Dry Blood on Blu-ray! Purchase It By Clicking Here!

An EVIL Beast’s Carnivorous Addiction! “The Hidden” reviewed!


A sewer dwelling beast attacks and kills a cocaine fueled junkie. Now hooked on the drug and pained with addiction, the beast needs more cocaine. Every exchange meet up by the sewer entrances become a deadly encounter and as dealers and customers start to disappear, winding up dead, a drug cartel kingpin mourns the loss of his business. On the opposite side of the spectrum, the junkie’s older brother is also suffering a loss. Spiraling down a path of grief, he must find his brother’s killer at any cost, even if that means breaking up with the love of his life. A vindictive brother and a savvy drug dealer must team up to hunt the beast that stalks the sewers, looking for it’s next high, and put an end to a reign of terror.

Australia. Early 1990’s. Nathan Hill wrote and directed a crime thriller SOV, shot on a Video8 handheld, that just happened to have a bloodthirsty beast roaming the sewer system who unwittingly becomes addicted to cocaine after munching on a junkie. The 1993 film was entitled, “The Hidden,” which is not to be confused with the late 1980’s science fiction-horror, “The Hidden,” with “Twin Peaks'” Kyle MacLachlan. Hill’s film, also considered a sci-fi venture, had a minuscule, barely functioning budget and in a sense of unawareness, the filmmaker didn’t quite realize that a film, already popularizing the title, had the exact same moniker. In any case, Hill’s “The Hidden” has a premise far from the already established indulging in a vindictive creature feature with an internal turmoiled drug cartel subplot.

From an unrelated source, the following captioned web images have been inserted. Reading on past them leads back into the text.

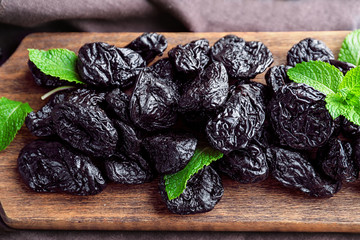 Board with tasty dried plums on table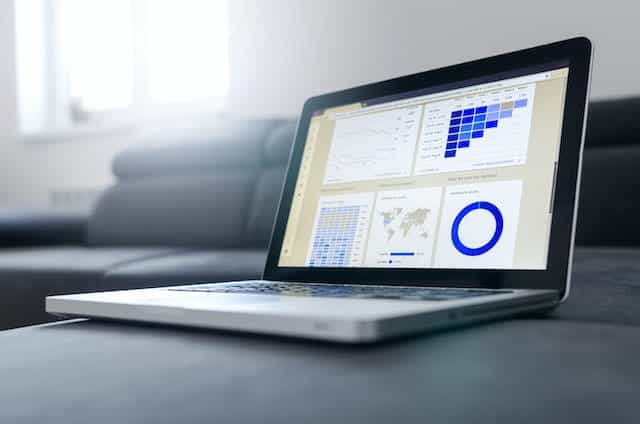 An open laptop displays a report document with various graphs and charts.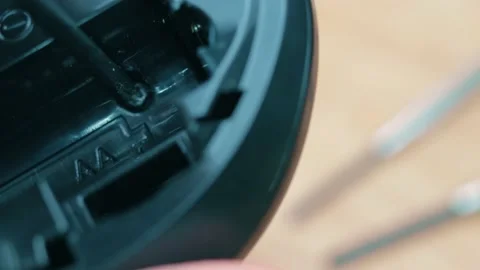 Disassembles wireless computer mouse, Hand unscrews the cover, close up view Stock Footage 158924763
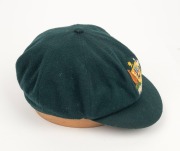 CLARRIE GRIMMETT'S AUSTRALIAN&nbsp;"BAGGY GREEN" PRESENTATION&nbsp;TEST CAP: Green wool, with embroidered coat-of-arms that differs that differs from the usual design. This cap bears the official Australian coat-of-arms as set out in the 1912 Royal Warrant. It show - 3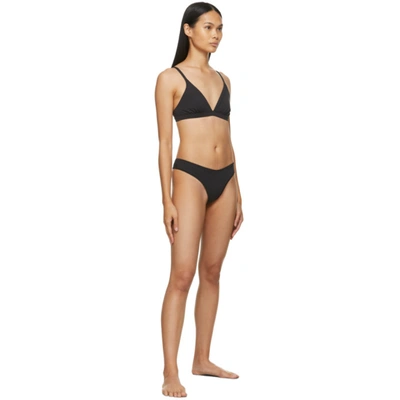Shop Skims Black Cotton Dipped Thong In Soot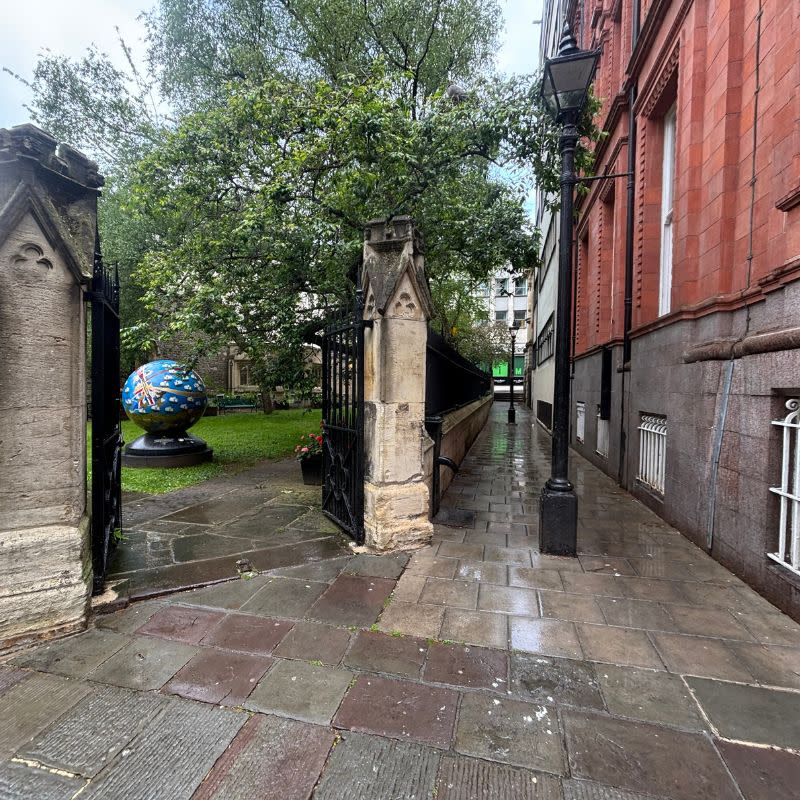 St Stephens Church Gardens Social Story Picture 2 - A photo of a wide gate with stone pillars on either side. The path is paved leading into the gate and the gardens beyond. There is a narrow paved path to the right of the gate which runs alongside a red brick building. It has been raining and so the ground is shiny and wet.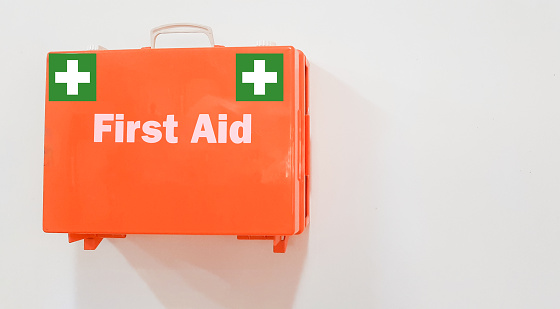 First aid kit orange box on wall at office isolated on white background with copy space for text.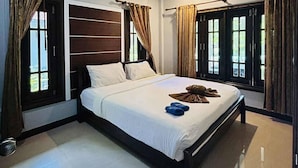 Een moderne hotelkamer met een groot bed, een houten hoofdbord en grote ramen met gordijnen.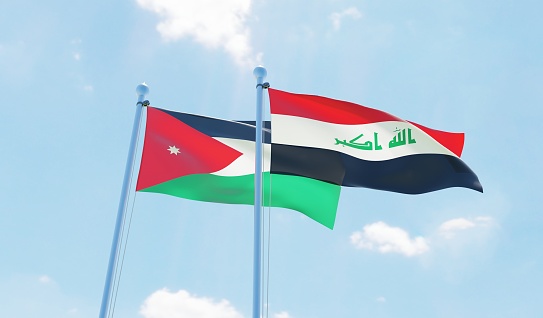 Irak y Jordania, dos banderas agitando contra el cielo azul photo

“The Hidden” comes to no surprise that the cast is constructed of no-named actors and actresses. Simon Mosley debuts as Michael Wilcott, a grief stricken brother looking for vigilantism vengeance. Mosley doesn’t have an acting bone in his body as he punches doors and pushes pushers around as if on command and carries a monotone, automaton performance throughout. He’s only rivaled by Daniel Rankin from another Nathan Hill directorial, 2011’s “Seance” (aka “6:66: Seance Hour: if that makes any more sense). Rankin’s a tall, muscular drink of water in comparison to Mosley and has a bit more acting chops that not only contemplates the hits he’s taking on his drug gig as dealer Guy Taylor, but also pulls a little more weight as a compassionate individual who takes a homeless boy as his surrogate father. As Mosley and Taylor team to battle the beast, the unlikely duo also have another foe to hurdle in the obstinate Steve, a junkie with a hard on for being bad, a role fit for the blonde haired and severely acned Chris Robbie. Paul Mosley, Chris Goodman, John Goodman, and Narelle Sinclair, as Michael Wilcott’s girlfriend, co-star.

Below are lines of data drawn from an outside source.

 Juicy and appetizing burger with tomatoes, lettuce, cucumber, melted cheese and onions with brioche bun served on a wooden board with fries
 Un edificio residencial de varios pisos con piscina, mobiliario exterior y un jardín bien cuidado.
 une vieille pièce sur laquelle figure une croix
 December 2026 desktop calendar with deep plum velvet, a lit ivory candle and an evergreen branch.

Now while “The Hidden” has rough SOV quality, that’s is nowhere near the issue with Nathan Hill’s debut feature. Nick Goodman’s script spits out varying story tracks that never really shape subplots into being an unquenchable and flaccid tangent. For example, Guy Taylor’s adopted son, Carl. With the exception of a brief flashback of Guy and Steve working out together and coming across the boy. The scene’s brief but affective substance lies with setting up Guy to be a big softy on the inside and making Steve a complete jerk, yet keeps the relationship between Guy and Carl disjointed and ingenuous. There’s also the little (as in little of) mentioning of the special effects. No special effects technician is credited and it shows as the beast is absent in nearly the entire 77 minute runtime with the exception of the Predator first person infrared vision and it’s not until the climatic finale does “The Hidden” come visible and it’s a big whomp-whomp.

Nathan Hill Productions, under his NHProduction company, presents “The Hidden” distributed by SRS Home Video and MVDVisual onto DVD home video that’s encased in nostalgic, VHS cover art with a “Please Be Kind and Rewind” cherry sticker on top. The Video8 SOV image is quite washed and unstable in the 4:3 aspect ratio as if the color has been zapped right out, even after being re-animated, reduxed, and remastered. The limitations of the Video8 camcorder hinder the single channel audio, leaving the range and depth something to wonder rather than experience. Along with the anemic audio and video presentations, the bonus features doesn’t stray far as only the trailer and bonus trailers are included. “The Hidden” is unglamorous under the eye-catching cover art and more attuned to being an investigative thriller than a creature feature and a recommendation wouldn’t be hard-pressed for anything stellar.

“The Hidden” available on DVD

When EVIL Gets Tough, You Fight Back! “The New Kids” reviewed!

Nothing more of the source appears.